Pothos and colleagues conducted their research using obesity-prone and obesity-resistant rats. Adult obesity-prone rats consumed more food and were 20% heavier than obesity-resistant rats.
The researchers measured electrically-evoked dopamine release from nerve terminals. “We also measured regulators of dopamine synthesis and release in midbrain dopamine pathways,” explains Brenda Geiger, first author and graduate student in the pharmacology and experimental therapeutics department at TUSM. “Our molecular analysis suggests that the central dopamine deficits are most likely caused by reduced expression of the genes encoding two proteins, one that is involved in dopamine synthesis, and another that is a transporter responsible for packaging dopamine into vesicles from which it is later released upon stimulation.”
“Obesity has so far been approached mostly as a metabolic rather than as an addictive disorder; and obesity research has primarily focused on brain systems that regulate body weight through the maintenance of energy balance. The current study challenges this approach by focusing on brain pathways implicated in pleasure and reward. These pathways could override energy balance and induce hyperphagia and obesity by altering the reward value of food, particularly palatable high-energy food, very early in life,” says Pothos, who is the study’s corresponding and senior author.
According to Gerald Weissmann, MD, editor-in-chief of The FASEB Journal, “Now we know why so many people stay addicted to food: it fuels the mid-brain pleasure machinery. We eat not only for nourishment, but also for pleasure. This study provides the molecular link between eating and mental health.”

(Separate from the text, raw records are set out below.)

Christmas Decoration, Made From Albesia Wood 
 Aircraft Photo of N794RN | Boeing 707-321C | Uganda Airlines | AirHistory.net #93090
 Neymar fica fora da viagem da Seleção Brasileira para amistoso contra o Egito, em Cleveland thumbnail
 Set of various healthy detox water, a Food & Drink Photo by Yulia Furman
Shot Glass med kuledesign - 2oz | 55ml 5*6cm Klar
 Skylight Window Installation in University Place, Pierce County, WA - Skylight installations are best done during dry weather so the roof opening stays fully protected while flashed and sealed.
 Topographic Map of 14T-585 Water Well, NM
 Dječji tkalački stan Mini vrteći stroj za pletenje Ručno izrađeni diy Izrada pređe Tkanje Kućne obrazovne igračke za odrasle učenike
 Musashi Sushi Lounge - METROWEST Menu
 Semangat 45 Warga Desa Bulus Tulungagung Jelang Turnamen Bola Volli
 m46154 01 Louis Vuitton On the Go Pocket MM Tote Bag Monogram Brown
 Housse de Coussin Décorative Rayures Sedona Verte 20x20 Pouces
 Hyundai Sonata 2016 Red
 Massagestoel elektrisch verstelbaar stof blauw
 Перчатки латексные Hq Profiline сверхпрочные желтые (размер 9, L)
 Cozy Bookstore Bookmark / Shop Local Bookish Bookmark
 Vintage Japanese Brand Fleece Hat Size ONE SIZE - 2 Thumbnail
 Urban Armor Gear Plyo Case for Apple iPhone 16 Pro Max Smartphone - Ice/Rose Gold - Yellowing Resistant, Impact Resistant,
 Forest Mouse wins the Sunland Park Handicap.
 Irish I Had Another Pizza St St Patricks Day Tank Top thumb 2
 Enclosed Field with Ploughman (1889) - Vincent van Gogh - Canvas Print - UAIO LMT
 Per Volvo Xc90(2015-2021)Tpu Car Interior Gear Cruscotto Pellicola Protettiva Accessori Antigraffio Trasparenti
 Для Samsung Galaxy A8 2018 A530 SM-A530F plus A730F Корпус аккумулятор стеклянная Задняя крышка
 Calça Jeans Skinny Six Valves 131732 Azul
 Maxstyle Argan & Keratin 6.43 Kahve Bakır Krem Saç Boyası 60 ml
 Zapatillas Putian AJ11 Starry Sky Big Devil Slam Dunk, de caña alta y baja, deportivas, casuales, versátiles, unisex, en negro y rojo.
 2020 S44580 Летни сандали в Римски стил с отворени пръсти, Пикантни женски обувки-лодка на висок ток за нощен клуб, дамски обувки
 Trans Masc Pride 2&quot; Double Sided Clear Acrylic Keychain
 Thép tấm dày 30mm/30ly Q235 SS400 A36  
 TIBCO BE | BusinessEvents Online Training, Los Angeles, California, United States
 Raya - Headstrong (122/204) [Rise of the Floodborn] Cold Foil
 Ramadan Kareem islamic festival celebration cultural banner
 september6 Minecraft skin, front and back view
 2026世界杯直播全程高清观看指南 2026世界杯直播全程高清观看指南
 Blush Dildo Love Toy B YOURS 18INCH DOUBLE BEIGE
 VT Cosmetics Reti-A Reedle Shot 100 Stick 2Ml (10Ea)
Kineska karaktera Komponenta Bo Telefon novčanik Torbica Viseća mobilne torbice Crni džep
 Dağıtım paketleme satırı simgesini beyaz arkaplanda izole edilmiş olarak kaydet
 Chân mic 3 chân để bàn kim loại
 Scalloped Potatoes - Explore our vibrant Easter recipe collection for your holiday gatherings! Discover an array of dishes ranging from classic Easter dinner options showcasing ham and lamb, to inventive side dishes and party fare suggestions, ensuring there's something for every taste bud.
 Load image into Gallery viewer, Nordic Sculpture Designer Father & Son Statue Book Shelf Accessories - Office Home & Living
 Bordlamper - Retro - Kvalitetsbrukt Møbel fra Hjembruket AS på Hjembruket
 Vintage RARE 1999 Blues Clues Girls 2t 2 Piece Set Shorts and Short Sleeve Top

The FASEB Journal, Published online before print May 13, 2008; DOI: 10.1096/fj.08-110759
Evidence for defective mesolimbic dopamine exocytosis in obesity-prone rats
Brenda M. Geiger, Gerald G. Behr, Lauren E. Frank, Angela D. Caldera-Siu, Margery C. Beinfeld, Efi G. Kokkotou, and Emmanuel N. Pothos
The association between dietary obesity and mesolimbic systems that regulate hedonic aspects of feeding is currently unresolved. In the present study, we examined differences in baseline and stimulated central dopamine levels in obesity-prone (OP) and obesity-resistant (OR) rats. OP rats were hyperphagic and showed a 20% weight gain over OR rats at wk 15 of age, when fed a standard chow diet. This phenotype was associated with a 50% reduction in basal extracellular dopamine, as measured by a microdialysis probe in the nucleus accumbens, a projection site of the mesolimbic dopamine system that has been implicated in food reward. Similar defects were also observed in younger animals (4 wk old). In electrophysiology studies, electrically evoked dopamine release in slice preparations was significantly attenuated in OP rats, not only in the nucleus accumbens but also in additional terminal sites of dopamine neurons such as the accumbens shell, dorsal striatum, and medial prefrontal cortex, suggesting that there may be a widespread dysfunction in mechanisms regulating dopamine release in this obesity model. Moreover, dopamine impairment in OP rats was apparent at birth and associated with changes in expression of several factors regulating dopamine synthesis and release: vesicular monoamine transporter-2, tyrosine hydroxylase, dopamine transporter, and dopamine receptor-2 short-form. Taken together, these results suggest that an attenuated central dopamine system would reduce the hedonic response associated with feeding and induce compensatory hyperphagia, leading to obesity.